Work required: Copy exactly the lines of the data below, beginning with the line with "Working at the" and ending with the line with "Hey guys, in". Pictures are to be omitted.

═══ Material to process

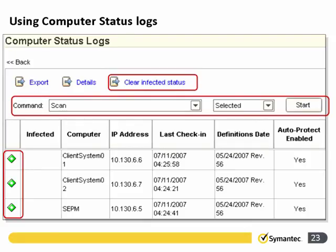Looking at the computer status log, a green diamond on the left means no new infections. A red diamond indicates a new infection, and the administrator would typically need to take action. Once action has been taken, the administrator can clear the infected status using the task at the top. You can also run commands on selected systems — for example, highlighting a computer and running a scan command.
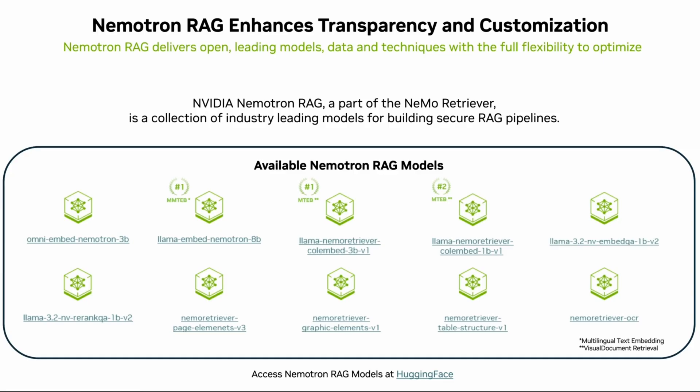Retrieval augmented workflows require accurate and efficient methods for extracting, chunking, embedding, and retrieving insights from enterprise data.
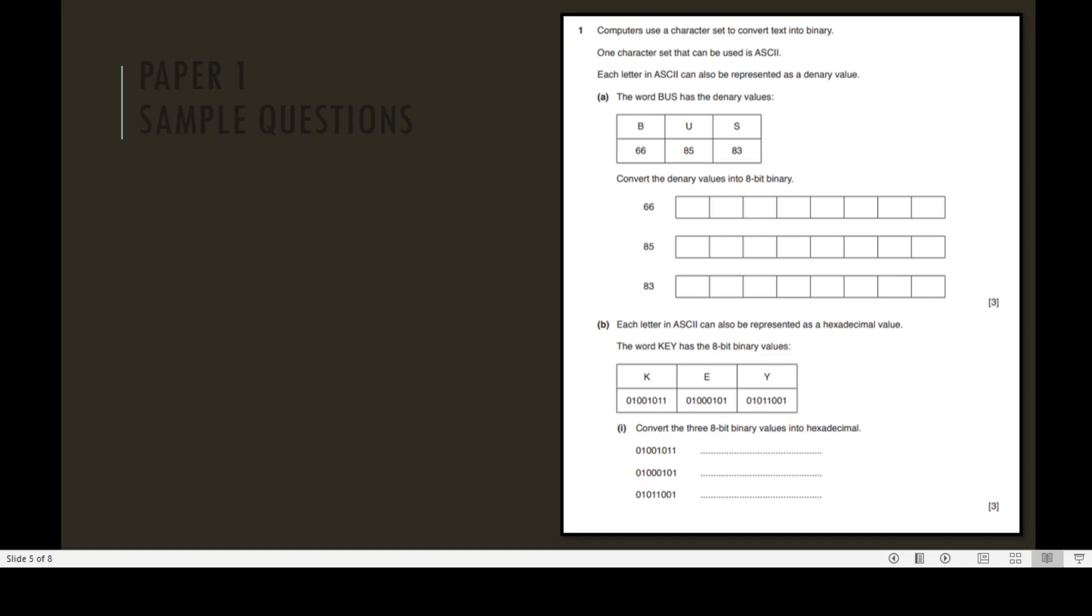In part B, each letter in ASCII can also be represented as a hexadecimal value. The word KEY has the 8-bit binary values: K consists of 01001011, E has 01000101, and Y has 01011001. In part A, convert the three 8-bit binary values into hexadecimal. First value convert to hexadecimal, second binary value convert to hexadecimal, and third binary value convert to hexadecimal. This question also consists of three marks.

══════
═══ Material to process

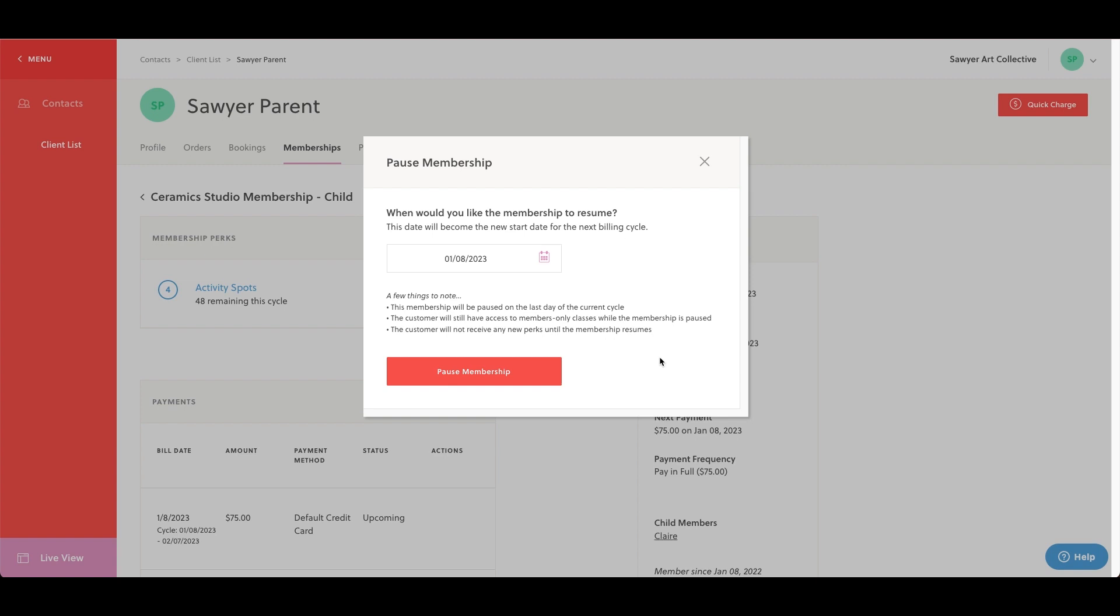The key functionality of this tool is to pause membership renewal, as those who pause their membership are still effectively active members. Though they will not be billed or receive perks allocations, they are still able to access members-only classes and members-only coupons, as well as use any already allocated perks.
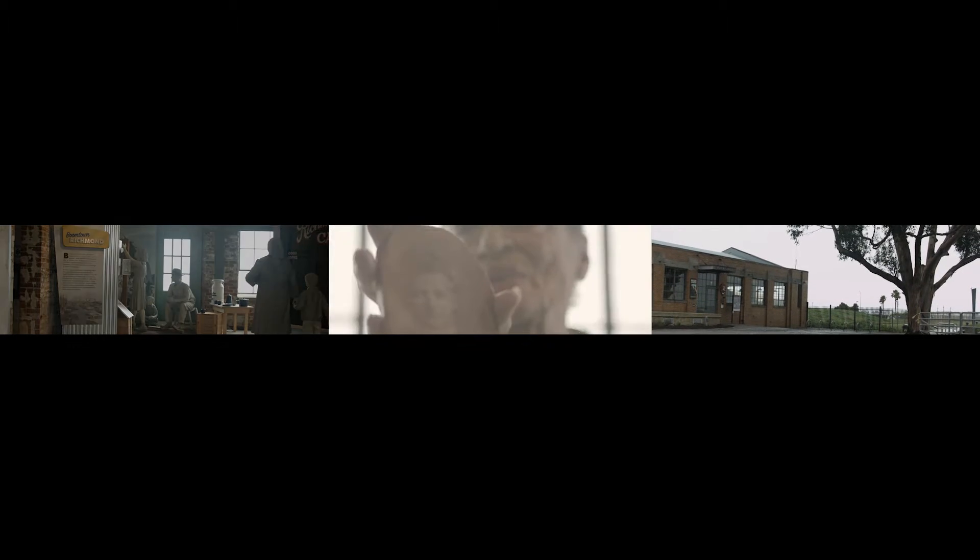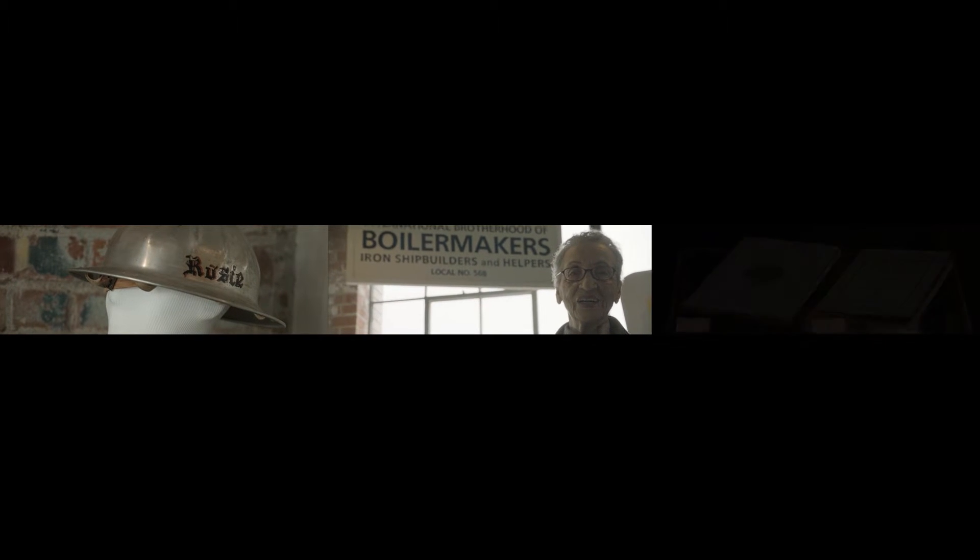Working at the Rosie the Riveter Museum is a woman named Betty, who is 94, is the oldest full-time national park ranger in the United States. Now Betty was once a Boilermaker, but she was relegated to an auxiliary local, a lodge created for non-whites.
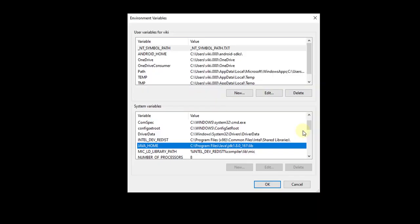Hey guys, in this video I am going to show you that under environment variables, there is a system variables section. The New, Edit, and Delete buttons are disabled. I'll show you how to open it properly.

══════

Result of the task:
Working at the Rosie the Riveter Museum is a woman named Betty, who is 94, is the oldest full-time national park ranger in the United States. Now Betty was once a Boilermaker, but she was relegated to an auxiliary local, a lodge created for non-whites.
Hey guys, in this video I am going to show you that under environment variables, there is a system variables section. The New, Edit, and Delete buttons are disabled. I'll show you how to open it properly.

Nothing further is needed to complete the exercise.